Senator McCain (R-Ariz.), the Republican presidential candidate, joined the U.S. Council for World Freedom’s board around the time he was first elected to the U.S. House of Representatives in 1982.

At the time, the group was distancing itself from the former Nazis and fascists who made up the international group with which it was affiliated, the World Anti-Communist League. McCain’s endorsement was a boon to the council, reportedly cited in a 1981 Anti-Defamation League report because of those international ties.

McCain first sought to distance himself from the group in 1984, when the council was named as involved in efforts to support the Contras, the right-wing militias in Nicaragua, The Associated Press said in a report Tuesday. The McCain campaign supplied the AP with a letter he wrote that year resigning his position, but the group apparently did not take note.

It was later revealed that the council was acting as a front for the CIA in Nicaragua, and in 1986, McCain again asked the group to remove his name from its letterhead, and this time it complied, the AP reported. In the interim, however, McCain attended the group’s Freedom Fighter of the Year award ceremony in October 1985.

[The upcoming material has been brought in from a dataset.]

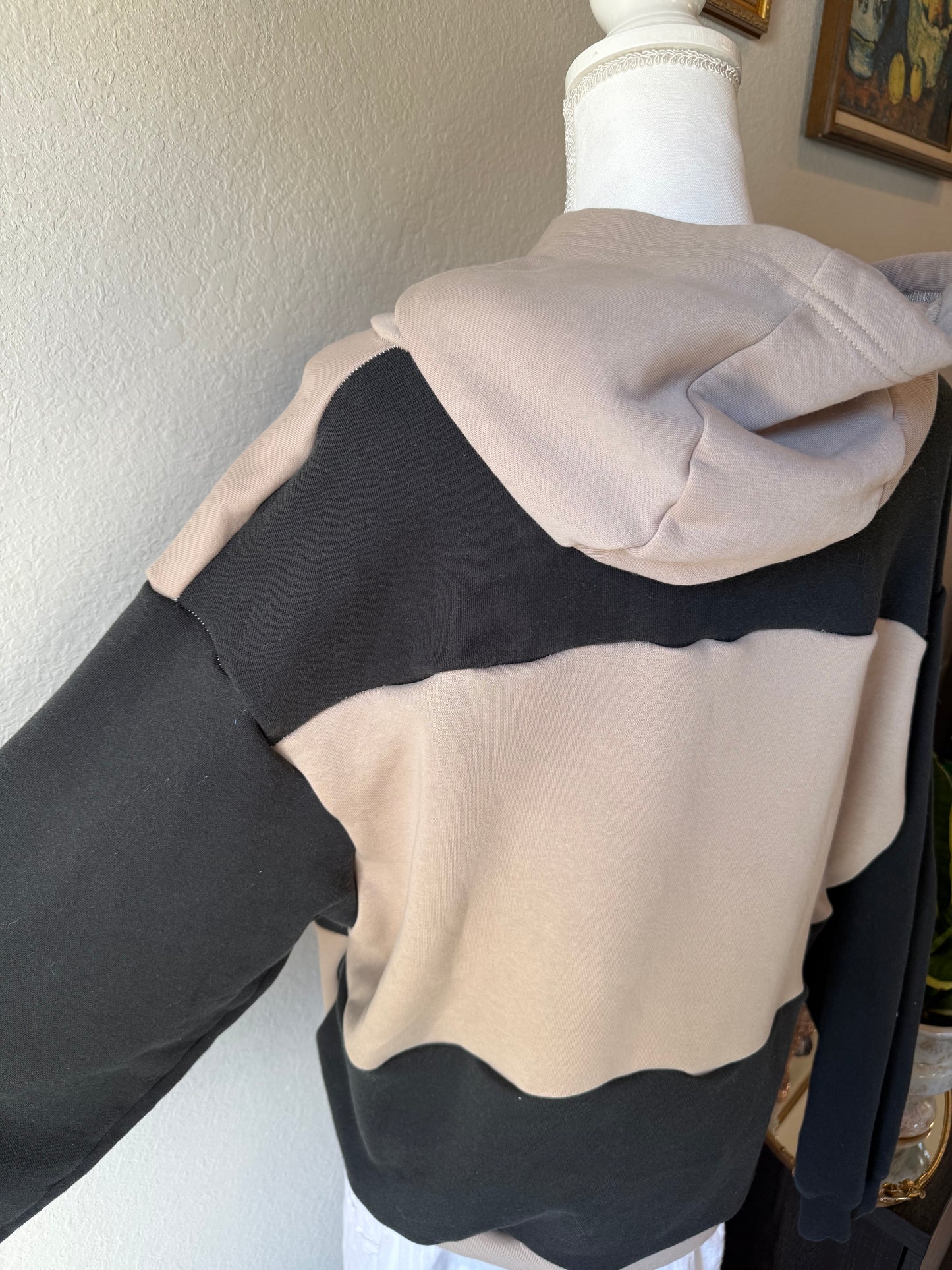 New Orleans Saints Patchwork Hoodie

A few months earlier, the group’s newsletter had derided opponents of Reagan’s decision to mark 40 years since the end of World War II with a visit to Bitburg, a German cemetery that includes the graves of members of Hitler’s notorious SS death squads. Jewish groups led the opposition to the visit.

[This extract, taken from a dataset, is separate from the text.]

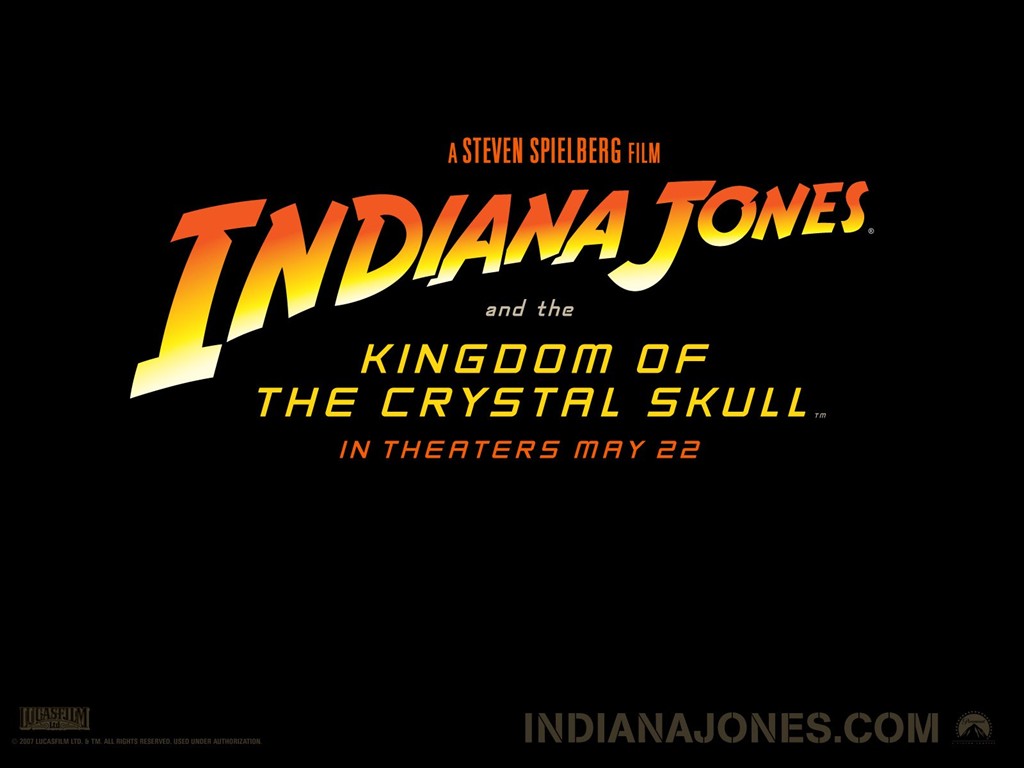 Indiana Jones 4 fondos de escritorio de Cristal Cráneo #20 - 1024x768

“Those misguided souls who accused President Reagan of insensitivity for visiting the German cemetery at Bitburg are wallowing in years of pity over the past crimes of the Nazi regime which collapsed over 40 years ago,” Robert Goldsborough writes in the newsletter, in a facsimile obtained Tuesday by the Washington Post. “They want to keep the memory of the holocaust alive so that it can never happen again. Crocodile tears! It is happening again … and again, and again, right now, in the modern world; only the crimes of today are not being perpetrated by the Nazis but by their philosophical and demonical soul mates, the communists.”

It is not clear what role Goldsborough had with the group. According to the Washington Post, Goldsborough in a 1998 interview named the top four men who “controlled the world”: Whiskey magnate Edgar Bronfman, financier George Soros, then-Treasury Secretary Robert Rubin and then Federal Reserve Chairman Alan Greenspan. All are Jewish.